▶ SUPPLIED MATERIAL
= Beginning of Section =
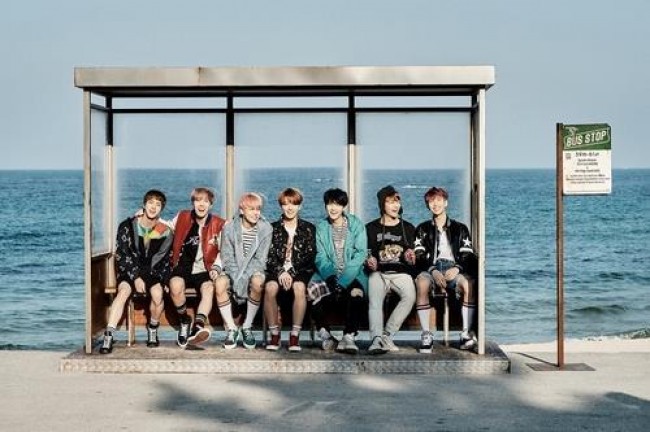 '봄날' 활동 당시의 방탄소년단(BTS)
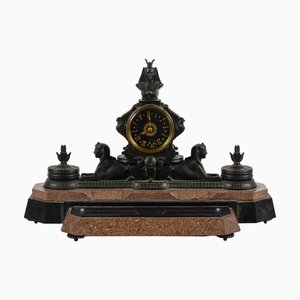 Pendule de Cheminée Néo-égyptienne en Bronze et Marbre Polychrome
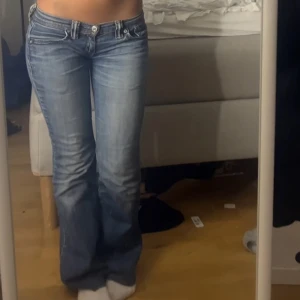 Jeans - Jättesnygga jeans som passar mig som är 158❣️de har dock fåtal små hål, men inget man tänker på när de är på🥰de är även insydda vid låren, vilket man kan sprätta om man vill o ja e osäker på storlek, fråga innan du köper, innerbenslängd- ca 73cm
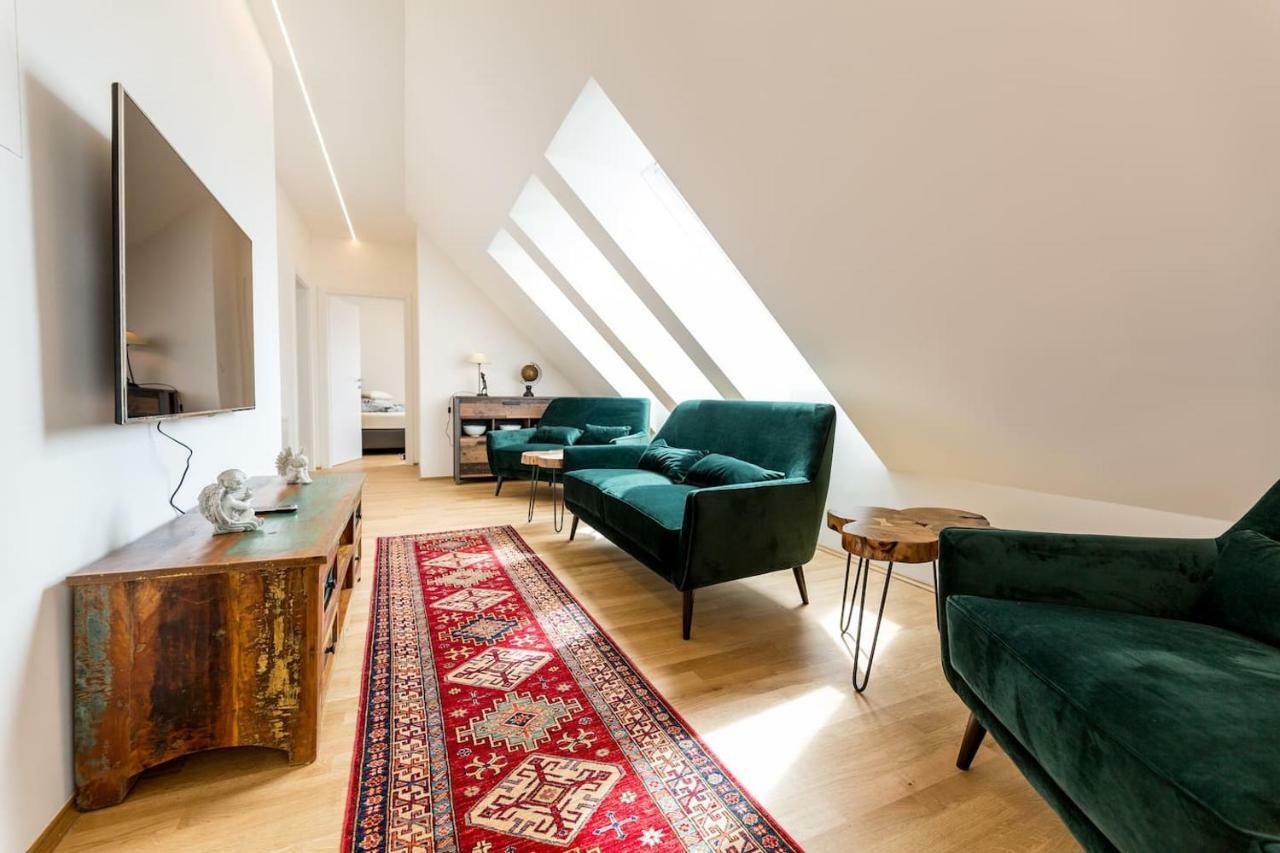 Grosse Dachgeschosswohnung Im Herzen Von Graz Bagian luar foto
= End of Section =
▶ BRIEF
Quote, please, only the lines running from the one with "Jeans - Jättesnygga" down to the final line of the data above, keeping both ends and skipping the pictures.

▶ SOLUTION TO THE PROBLEM
 Jeans - Jättesnygga jeans som passar mig som är 158❣️de har dock fåtal små hål, men inget man tänker på när de är på🥰de är även insydda vid låren, vilket man kan sprätta om man vill o ja e osäker på storlek, fråga innan du köper, innerbenslängd- ca 73cm
 Grosse Dachgeschosswohnung Im Herzen Von Graz Bagian luar foto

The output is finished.